Cocaine overdose deaths might seem like the ultimate measure of heavy, destructive consumption, but deaths can rise when patterns of heavy use become more dangerous, not just when the number of heavy users increases. In Figure 1, we distinguished cocaine-related deaths with and without opioids as a contributing factor since a new study in the American Journal of Public Health finds that “opioids, primarily heroin and synthetic opioids, have been driving the recent increase in cocaine-related overdose deaths.” There are a few plausible explanations for this. The authors of that study highlight evidence that “heroin use among people using cocaine increased significantly,” and heroin is sometimes laced with the powerful synthetic opioid fentanyl, which significantly increases the probability of an overdose. Indeed, there are also reports that some of the cocaine being sold in the United States (and Canada) is laced with fentanyl. Therefore, we cannot assume that an increase in total cocaine-related deaths necessarily implies a proportionate increase in cocaine consumption.

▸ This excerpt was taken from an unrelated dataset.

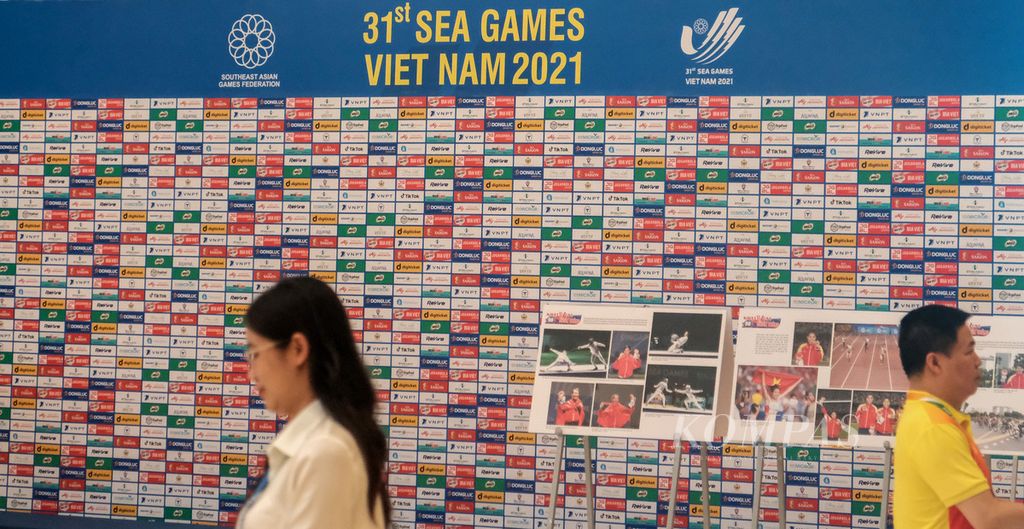 Hiasan yang terpasang di salah satu sudut ruangan Vietnam National Convention Center di kota Hanoi, Vietnam, yang menjadi Main Press Center SEA Games 2021, Senin (9/4/2022).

The initiation and prevalence data in Figure 1 are from the National Survey on Drug Use and Health. The survey is well-run and a surprisingly reliable source of information about marijuana use and light or infrequent use of other drugs, but household surveys are not very useful for studying the heavy users who account for most of the consumption. The number of survey respondents self-reporting past month use grew from 1.5 million in 2014 to 1.9 million in 2015. That is concerning, but it is rather weak and circumstantial evidence about trends in the number of high-frequency users.

Those participating in discussions about cocaine policies should be careful about making claims about recent changes in U.S. cocaine consumption. Data lags and the elimination of the ADAM program cloud the picture after 2013. Caution is also needed, since the emergence of fentanyl has compromised the ability to make inferences about consumption from trends in cocaine overdose deaths. But absence of evidence is not evidence of absence, and much will be learned when the Office of National Drug Control Policy releases updated consumption figures as part of its “What America’s Users Spend on Illegal Drugs” series (the next wave will cover 2000 to 2017).

In addition to the pessimistic interpretation (“consumption is up already”) and the cautious interpretation (“prevalence may be up but it’s too soon to say about total consumption”) there is a third possibility. Problem use may not have risen appreciably yet, but it could because of the delay between initiation of light use and the serious health harms that can ensue. An oft-cited study from 2002 found that about 16 percent of new cocaine users will develop cocaine dependence within 10 years. The 10-year qualifier is significant. For some users, cocaine can be powerfully addictive and destructive to health, social relationships, and public safety. If past trends hold, roughly 150,000 of the 968,000 self-reported new users in 2015 will develop cocaine dependence even though few have yet.

It may be prudent to start planning for an increase in heavy use even before all of the evidence is in.